The Federal Reserve’s No. 2 person, a close ally of Chairman Ben S. Bernanke during the institution’s crucial response to the financial crisis, will step down as vice chairman when his term expires in June.
Donald L. Kohn’s departure, announced Monday by the Fed, could leave a third opening on the central bank’s seven-member board in Washington. Two seats are vacant now. The last time the Fed’s board was down to four members was in 1942.
That size wouldn’t limit the Fed’s ability to make decisions, but it would give President Obama the opportunity to appoint a majority of the Fed board members. Obama previously named Bernanke to a second four-year term, and the Senate confirmed him in January after a contentious hearing.
With the departure of the 67-year-old Kohn, Bernanke will lose a knowledgeable Fed veteran and close advisor at a delicate time: Monetary policymakers are trying to balance the immediate demands of supporting the nascent economic recovery with the longer-term need to prevent inflation.
The last few years have been among the most tumultuous in decades for the Fed, as it has come under withering criticism from lawmakers and many others who blamed the central bank for failing to curb excessive risk-taking by big financial firms and then engineering bailouts for them and making other emergency moves to prop up the economy.
Analysts said they didn’t expect Kohn’s departure to have a significant effect on Fed policies or on Bernanke’s control of the monetary policymaking committee, which has exhibited some dissension over when to raise interest rates that for more than a year have been near zero.
“Kohn’s resignation doesn’t alter the forecast for the Fed to keep interest rates unchanged until late this year or early next,” analyst Ryan Sweet of Moody’s Economy.com said in a note. “The balance of power on the Fed favors the inflation doves, although rifts have become increasingly visible as the trade-off between growth and inflation is more keenly felt.”
In a statement, Bernanke said Kohn “brought his deep knowledge, experience and wisdom to bear in helping to coordinate the Federal Reserve’s response to the economic and financial crisis.”

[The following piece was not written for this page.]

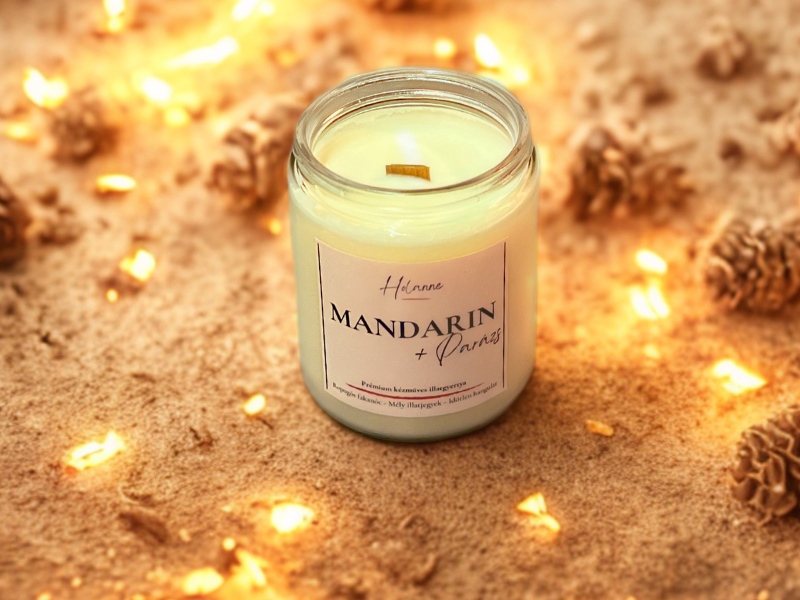 Parázs kollekció illatgyertya mandarin és fűszeres illattal, meleg hangulatban - HOLANNE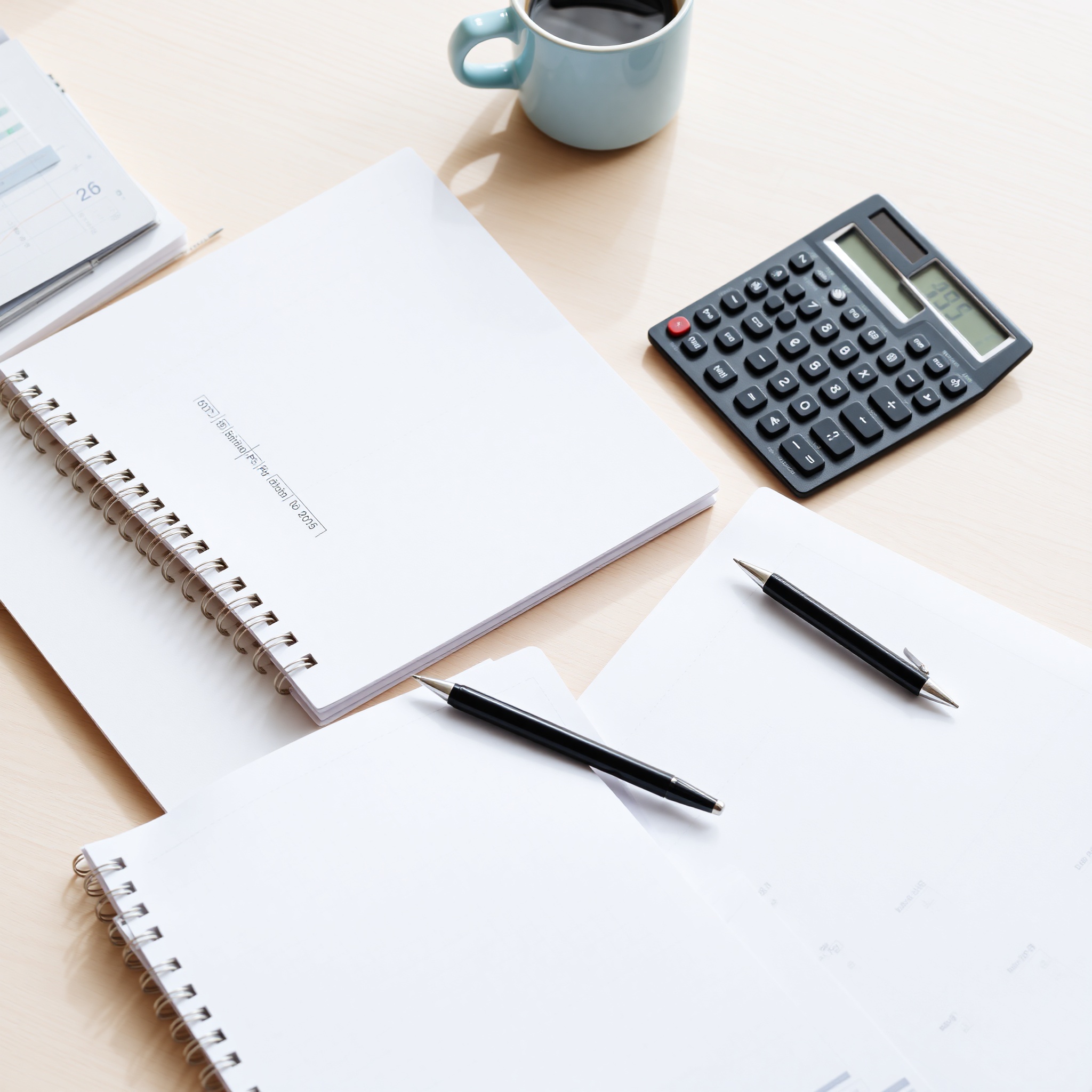 Budget planner notebook with financial tracking spreadsheet and calculator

Bernanke said Kohn helped lead the stress tests of big banking companies and directed the Fed’s efforts to increase the transparency of the central bank, among other things.
“He will be greatly missed,” the Fed chairman said.
Kohn was appointed by President George W. Bush to the Fed board of governors in August 2002. He was sworn in for a four-year term as the Fed’s vice chairman in June 2006. He could have elected to stay on as a board member for an additional six years.
In a letter to Obama stating his intention to resign, Kohn didn’t say why he planned to do so at this time but noted that the last several years have tested the ability and dedication of the Fed to maintain financial and economic stability.
“I am confident that history will judge the Federal Reserve, under the leadership of Chairman Ben Bernanke, to have met these challenges with great speed, imagination and effectiveness,” he said in the letter dated Monday.
Lyle Gramley, a former Fed governor, said he wasn’t surprised by Kohn’s decision to retire after 40 years at the Fed.
“He can use the opportunity to regain his financial position,” said Gramley, now a senior economic advisor at the Potomac Research Group in Washington. “It’s an enormous sacrifice for someone as talented as Don Kohn to stay on as long as he has.”
The salary of the vice chairman and other Fed board members was set by law at $179,700 for this year. The chairman’s salary this year is $199,700.
Kohn, who has a doctoral degree in economics from the University of Michigan, joined the Fed in 1970 as a financial economist at the Federal Reserve Bank of Kansas City. Since then, he has held a number of posts, including secretary of the Fed’s interest rate-setting Open Market Committee from 1987 to 2002.